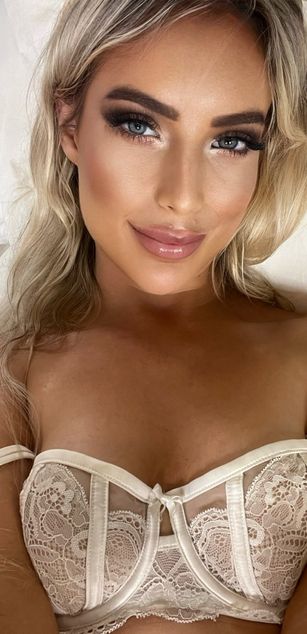 Model - Missy_matrix dirtytalk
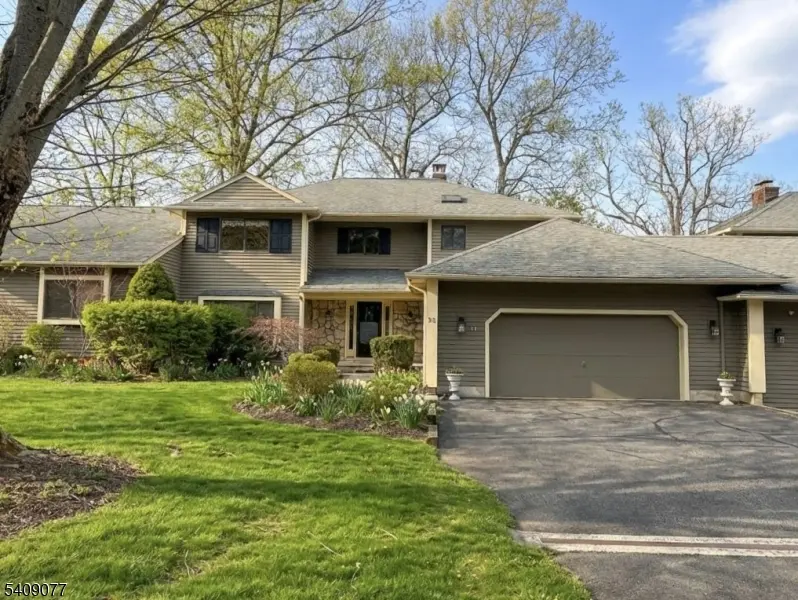 38 Hunters Circle, Tewksbury Twp., NJ 08833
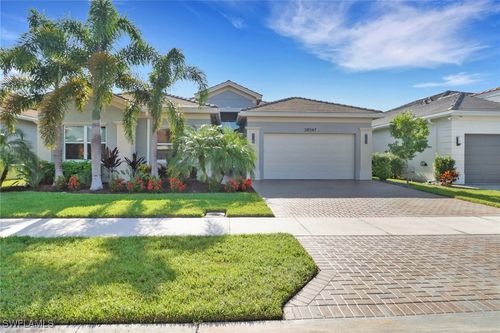 28547 Wharton Dr, BONITA SPRINGS, FL, 34135-8642 | Card Image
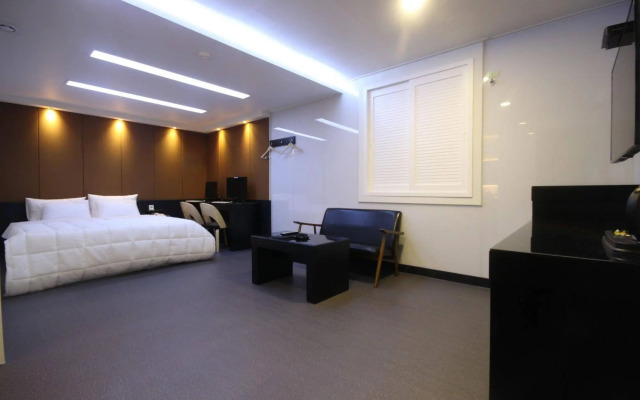 WA Hotel Nampo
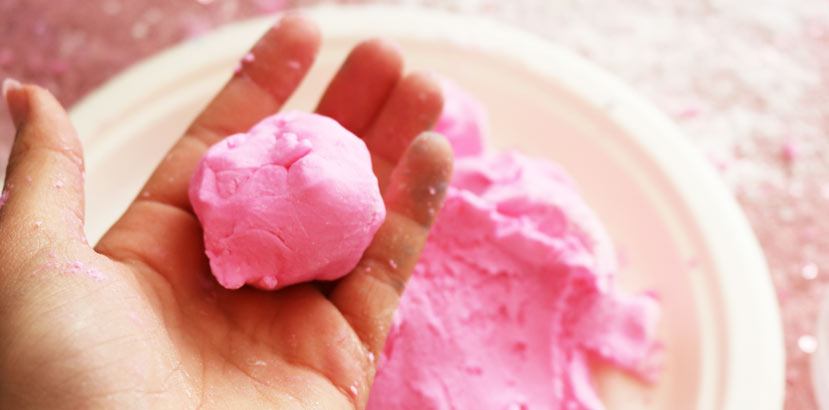 make-edible-playdough-from-cake-frosting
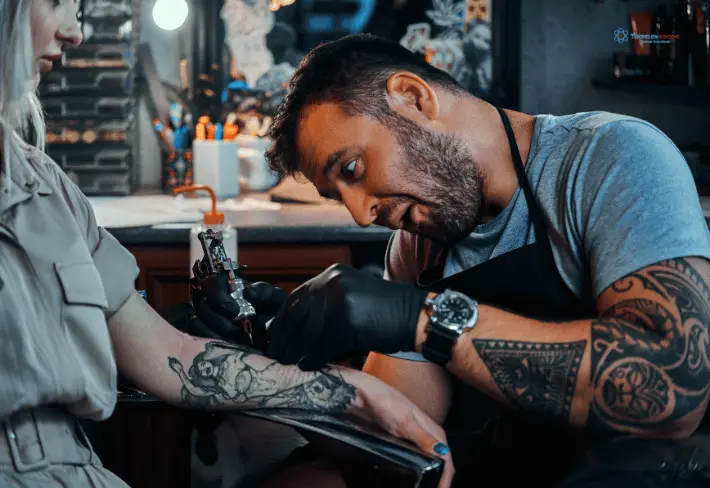 Dövme Uygulayıcısı Seviye 3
********
YOUR OBJECTIVE :: The answer is the records above, repeated exactly, with no picture in it.

EXERCISE ANSWER ::
 Model - Missy_matrix dirtytalk
 38 Hunters Circle, Tewksbury Twp., NJ 08833
 28547 Wharton Dr, BONITA SPRINGS, FL, 34135-8642 | Card Image
 WA Hotel Nampo
 make-edible-playdough-from-cake-frosting
 Dövme Uygulayıcısı Seviye 3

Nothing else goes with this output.